I think I am going to rig a rod or two up with either sand fleas or clams for black drum this weekend. Can someone tell me how to hook them? How many sand fleas per hook ususally? How about clams?

Thanks,
Chump


----------



## Anthony (Jul 3, 2002)

You can use either a high low rig or a fish finder rig. You can put as many sand fleas on the hook that you can fit on there. As far as clams go I usually try and thread as much as the tough part in the hook as I can and have the point of the hook hidden in the belly. I caught a black drum yesterday but it was on peelers. I was using sand fleas and clams but did not hook up with any drum with them.


----------



## Seapuppy (Jul 17, 2005)

*How I Catch 'EM*

Here's part of a post I wrote a while back about catchin' black drum along the beach.This is how I use sandfleas for Black Drum.My version of an unusual fishfinder rig & tactics....& TACTICS are just as important as finding the fish.Learned black drum tactics one night on CALO when another angler cleaned my clock! Needless to say I took notes... 
fishin' shrimp out on the bar is a whole 'nother rig & tactics.
Pup

As I fish whitewater all the time, this piece is dealing with fishin' light tackle in light whitewater & the suds just off the beach or on the flat of the outer bar.

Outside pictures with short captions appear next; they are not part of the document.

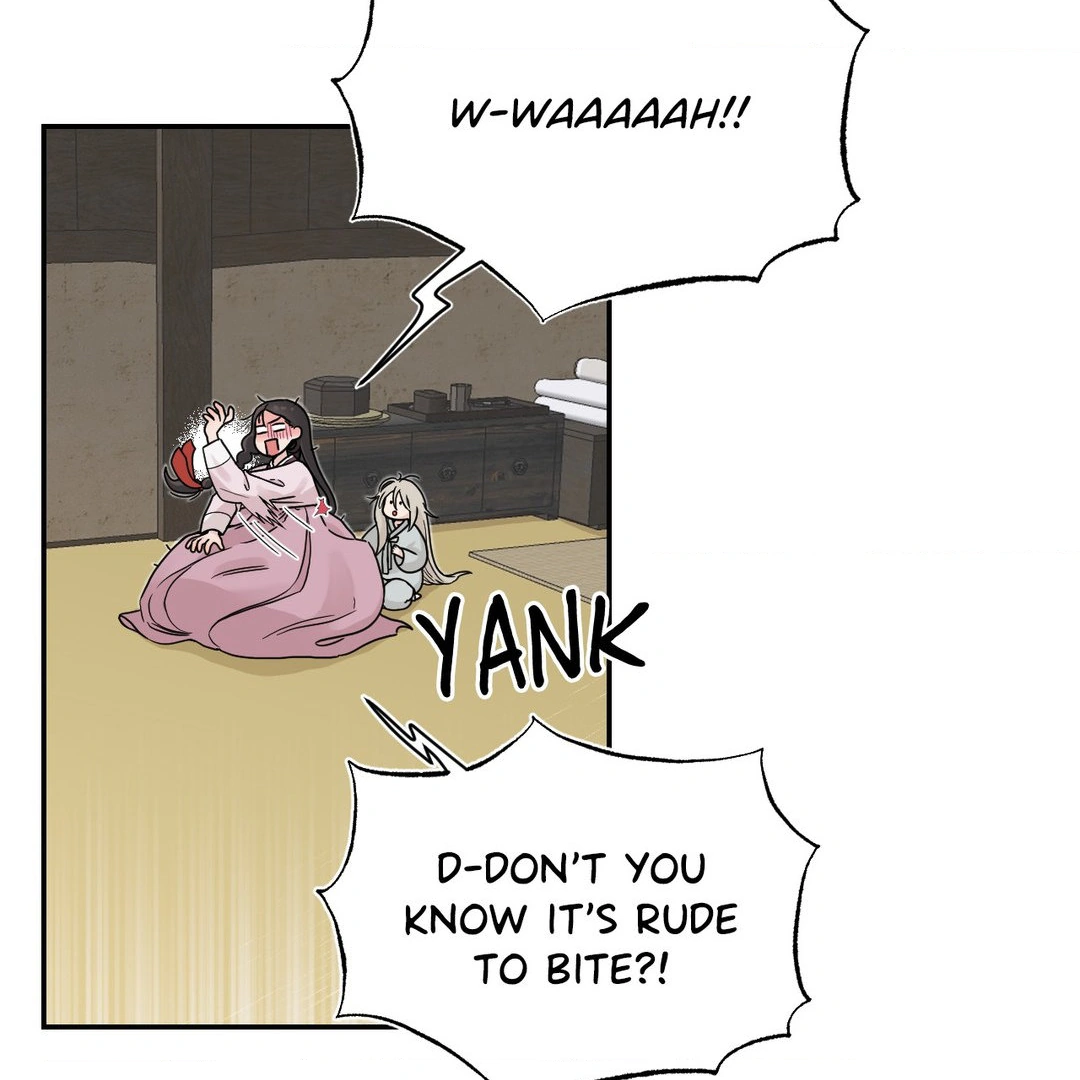 From Rain and Ash Chapter 2 page 28 - 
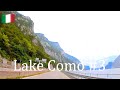 🇮🇹 Lago di como, east-south, south form Lecco to Belaggio #3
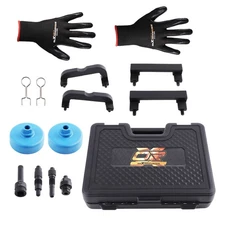 Engine Timing Chain Tools for Audi A8 2010-2023 VW Golf Jetta T40269 T40297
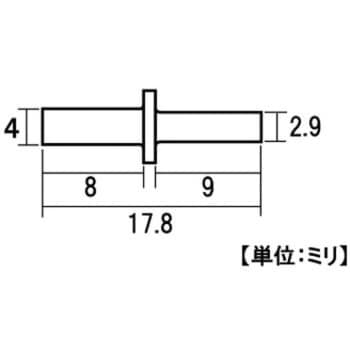 モリギン 差込タナダボ 9×3 ACE(エース)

"....On the beach you have to really fish for them.They have a bite simalar to sheepshead,very light & by the time you feel it,it's already too late.Another bait that catches them are the sandflea.The sandflea ussally will stay on the hook much longer than shrimp along the beach for the simple reason that most small fish won't mess with them & stay on the hook long enough for a good size black drum to find it.Hook the flea from the outside thru the shell,setting the point & barb in the flea itself.When fishin' fleas along the beach the best rig is simalar to a fishfinder rig.Snell a 1/0 hook on 25# test,tye the other end to a black swivel about 8" from the hook.On the other side of the swivel tye a leader about 15".On that leader put a light round bullet sinker(shaped like a football) with a hole thru the middle(use red beads on each side to keep the sinker from cutting the knots).After casting it out,fish the rod lightly alowing the bait to slide away from the sinker.The round sinker will alow the bait to flow in out with the waves in a natural way.( Remember-AMBUSH them)Every once in a while lightly pull tension on the line & feel for a fish.A black drum will eat the inside of the flea,not the shell much like a sheepshead & that is where your point & barb are!.This rig & technique works very well when fishin' for black drum with a flea...."


----------



## Fishbreath (Nov 11, 2004)

Good stuff Pup! When you are using the sand fleas, are you looking for and using the softshell sand fleas or will the normal hardshell sandfleas work? And do you only use one per hook?

FB


----------



## Seapuppy (Jul 17, 2005)

*re. sandfleas & black drum*

Only use a single hook rig with one flea.We were fishin' at the rock jetty(calo), with a round sinker & the hook in the middle of the flea it was a very good "weedless" rig as it would pull thru the rocks without snagging.There was thousands of little fish that would wipe out shrimp baits as soon as they hit the water but you could throw a sandflea right in the middle of them & they wouldnt touch it,the flea sitting there long enough for a nice Black drum to find it.The man that tought me this is probably the best fisherman I have ever met so that says something.Works well in light whitewater.Of course tactics has a lot to do with it as examined above.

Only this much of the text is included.